Değer yargılarının ve kıstasların evrenselleşmesi gereksizdir.
İnsan Batı’da Büyük Makine’nin işlemesini sağlayan herhangi bir parçadan farksızdır. Belirli bir amaç için çalışan bu makinenin teklememesi için herkesin belirtilen düzene ayak uydurarak yaşamını sürdürmeye devam etmesi gerekir.
Sistemin insana hizmet etmesi gerekirken, insan bu durumda sisteme hizmet eder.
Toplum dışında itilmek istemeyen insan bu çarka uyum sağlamak zorundadır. Bu durum insanın herhangi bir nesneye dönüşmesine, ‘şey’leşmesine neden olmaktadır.
Kişi ancak bu sistemin içinde varolabileceğine inanır. Kişi bu şekilde artık bağımsız hareket edemez olur. Davranışları kalıplaştırılmıştır. Eğer farklı düşünür ve davranırsa toplumun dışına itileceğine inanır ve sistemin dışında kalmak istemeyeceği için de ‘şey’ leşmeye devam eder.
Bu gelişme Sanayi toplumunda ön plana çıkan bir durumdur. İnsan, kendisi dahil emeği ile birlikte artık sadece bir üründür, daha fazlası değil.

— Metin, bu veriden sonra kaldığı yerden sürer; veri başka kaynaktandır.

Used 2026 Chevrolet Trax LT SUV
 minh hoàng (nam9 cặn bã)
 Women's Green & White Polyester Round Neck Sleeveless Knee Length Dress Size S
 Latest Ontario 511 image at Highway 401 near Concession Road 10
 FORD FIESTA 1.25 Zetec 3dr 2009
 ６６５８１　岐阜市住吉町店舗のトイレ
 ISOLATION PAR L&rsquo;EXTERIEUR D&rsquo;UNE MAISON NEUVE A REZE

Doğu toplumlarını farklılıklara açık, kendilerine yabancılaşmamış, sezgileri ön planda tutan, yaşamla barışık toplumlardır.
Bu tanımlarla dayanarak Batı’nın yıkıcı ve yok edici insan tanımının karşısında Doğu’da insana hayat bahşeden bir yapı olduğunu düşünülebilir.
Doğu felsefesinde insanı tam ve bütün kabul eden bir algı vardır.
Onu tüm yönleriyle varolmaya teşvik eden, yok saymayan ve kendisini gerçekleştirmesi için yaşam gayesi belirleyen Doğu felsefesi insana daha yakın gelmektedir.
Batı’nın kendi hevesleri için yakıp yıkan insan tanımını Doğu felsefesi karşısında işlevsiz ve aciz kalmaktadır.
İnsana bu dünyada anlam bahşeden şeyin yaşam gayesi olduğunu düşünülmelidir. Kişi bu dünyada niçin varolduğunu bilirse boşluğa düşmeyecektir.
“İnsan Tanrı’ya kulluk etmek için yaratıldı. Kulluk görevini ihmal etmemek için yaratıldı. Hayatta kalmak için birtakım maddi şartlara ihtiyacı vardır, ancak ondan asıl istenen, yaşamını Tanrı’nın rızası için düzenlemekti.”
Bu bilinçle yaşayan insan ve toplumların, Tanrı’nın rızasına uymayan davranışlardan uzak kalacağını, tek amacının kulluk olduğunu bilen insanın da Tanrı dışında kimsenin egemenliği altına girmeyeceğini düşünülür.
Aynı zamanda yaşama yön veren doğru ve yanlış kategorilerinin de ilahi bir güç tarafından belirlenmiş olması da bireysel çıkarlar uğruna doğruların değiştirilmesine engel olacaktır.
Bu da güçlü olanın genel geçer doğruları şekillendirmesinin önüne geçecektir.
Bir Doğu inancı olan Konfüçyanizm’deki “Tanrı her şeyi açıkça görür ve bütün işlerde insanlarla beraberdir.” prensibi de insanın yapıp ettiklerinin Tanrı tarafından görüldüğünü, ve insanın bu inançla yaşadığını anlatır.
Toplumsal kaosun oluşmasına müsade etmeyen bu durum Doğu öğreti ve dinlerinde varolan ilahi güçle irtibatta olma duygusu ile gerçekleşmektedir.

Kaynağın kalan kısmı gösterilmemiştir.